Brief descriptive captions
-- Opening Marker --

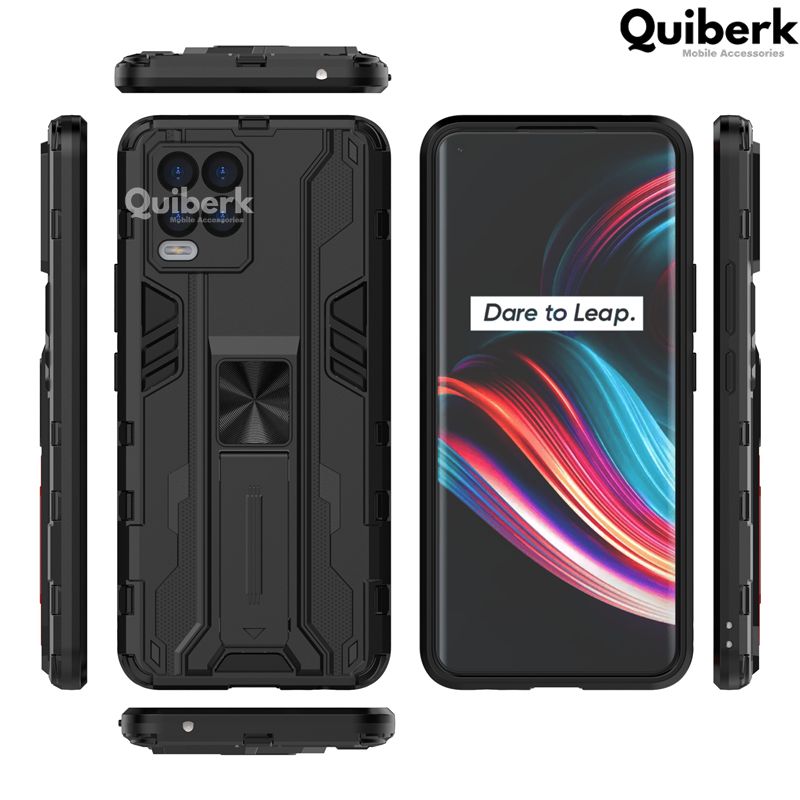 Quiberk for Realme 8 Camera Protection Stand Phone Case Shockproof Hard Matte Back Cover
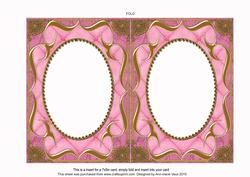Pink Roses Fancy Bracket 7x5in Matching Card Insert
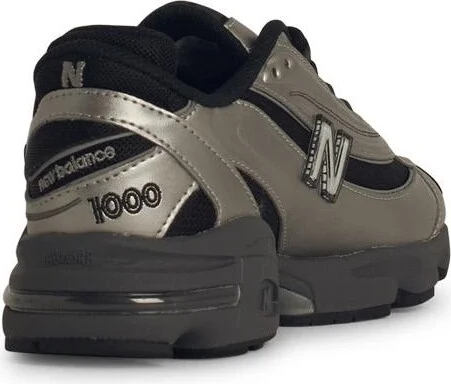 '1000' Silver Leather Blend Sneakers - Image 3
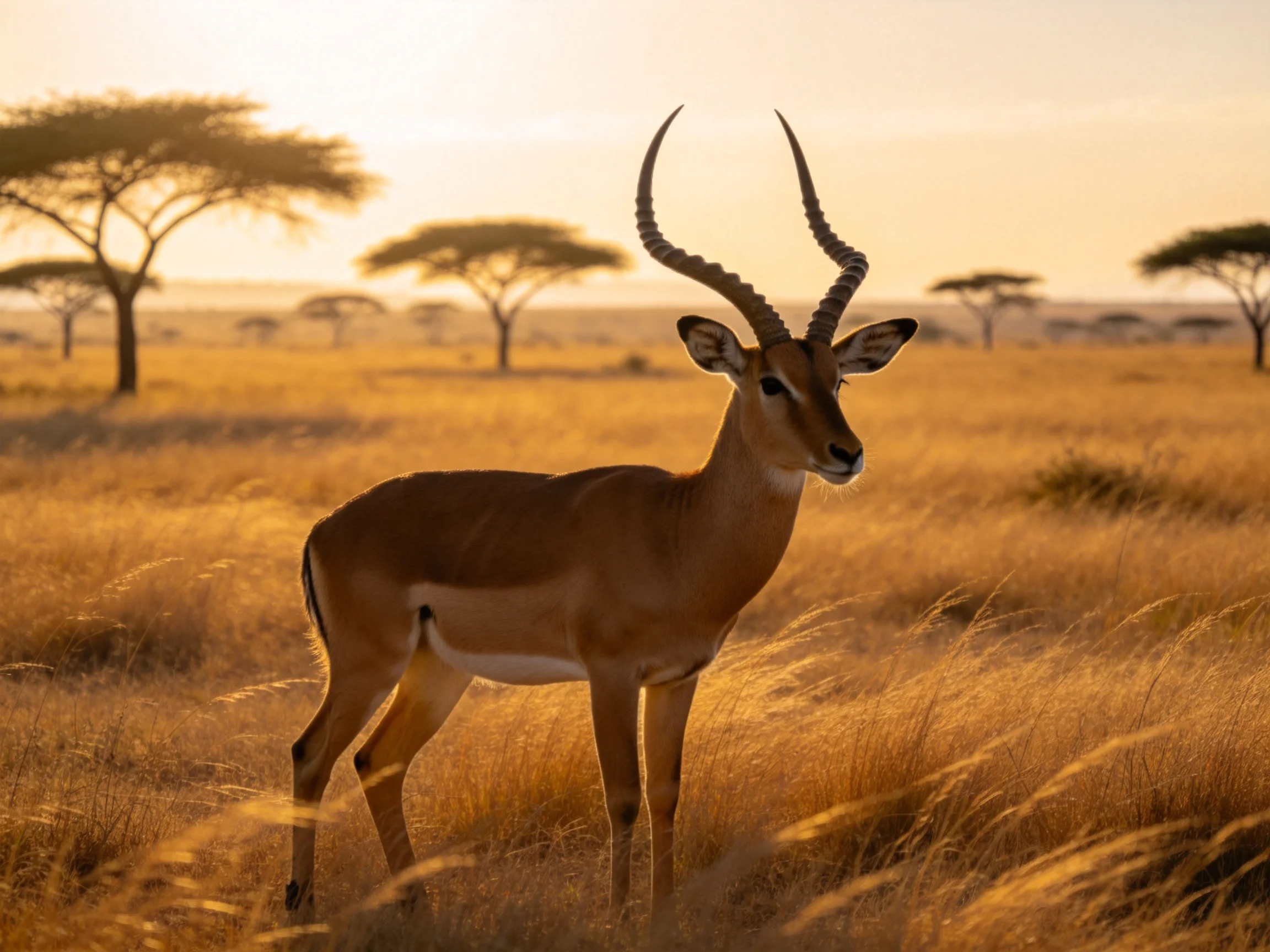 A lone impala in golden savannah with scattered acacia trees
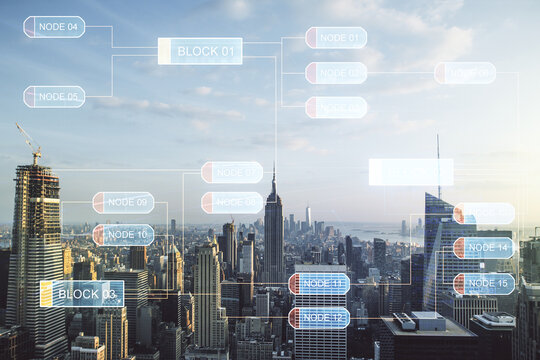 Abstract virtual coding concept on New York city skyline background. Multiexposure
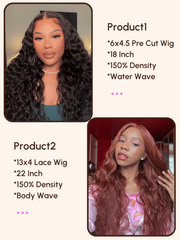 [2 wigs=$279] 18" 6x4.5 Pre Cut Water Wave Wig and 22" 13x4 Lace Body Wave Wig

-- Closing Marker --

▶ [Required action]:
Output the span from the line with "Abstract virtual coding" through the last line of the data, inclusive and exact, and omit every picture.

▶ [Problem solution]:
 Abstract virtual coding concept on New York city skyline background. Multiexposure
 [2 wigs=$279] 18" 6x4.5 Pre Cut Water Wave Wig and 22" 13x4 Lace Body Wave Wig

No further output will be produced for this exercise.